Recent research has shown that cathode behavior becomes co-limited by oxygen reduction kinetics and ionic transport for transition metal perovskite materials. The present work studies the kinetics of the oxygen reduction reaction, oxygen mobility, oxygen-surface interactions, and the surface chemistry of doped-lanthanum ferrites between 500 and 700°C. Results show trends with strontium dopant levels on the lanthanum site, transition metal dopant levels on the iron site, temperature, and oxygen partial pressure in the surrounding environment.

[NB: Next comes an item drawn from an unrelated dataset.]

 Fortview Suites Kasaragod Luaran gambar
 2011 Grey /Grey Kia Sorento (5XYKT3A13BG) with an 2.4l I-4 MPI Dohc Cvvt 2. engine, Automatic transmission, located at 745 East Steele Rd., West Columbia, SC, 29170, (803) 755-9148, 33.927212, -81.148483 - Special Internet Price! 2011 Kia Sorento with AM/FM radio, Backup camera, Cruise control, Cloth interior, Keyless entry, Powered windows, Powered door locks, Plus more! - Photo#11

Oxygen reduction kinetic measurements are made through oxygen equilibration experiments during simultaneous thermogravimetric (TGA) and differential scanning calorimetric (DSC) analyses, cyclic voltammetry (CV), and isotopic oxygen exchange studies. The kinetic results are supported by a thorough surface characterization by using methanol as a probe molecule and X-ray photoelectron spectroscopy (XPS). The nature and quantity of active surface sites and their surface chemistry are determined by pulsed methanol chemisorption and methanol temperature-programmed desorption, respectively. The majority of sites are basic in nature, but redox sites also exist. Further insight is provided through techniques such as X-ray diffraction (XRD), vibrational spectroscopy, and temperature-programmed techniques.
The current research also demonstrates perovskite materials that are stable in highly reducing conditions and possess catalytic activity for the oxidation of hydrogen and carbon monoxide in the desired temperature range. The effect of the increased oxidation activity and lattice oxygen mobility on the steam requirements and the influence of hydrogen sulfide concentration on the oxidation activity are discussed. Characterization is performed by XRD, XPS, and vibrational spectroscopy to complement the anodic oxidation results.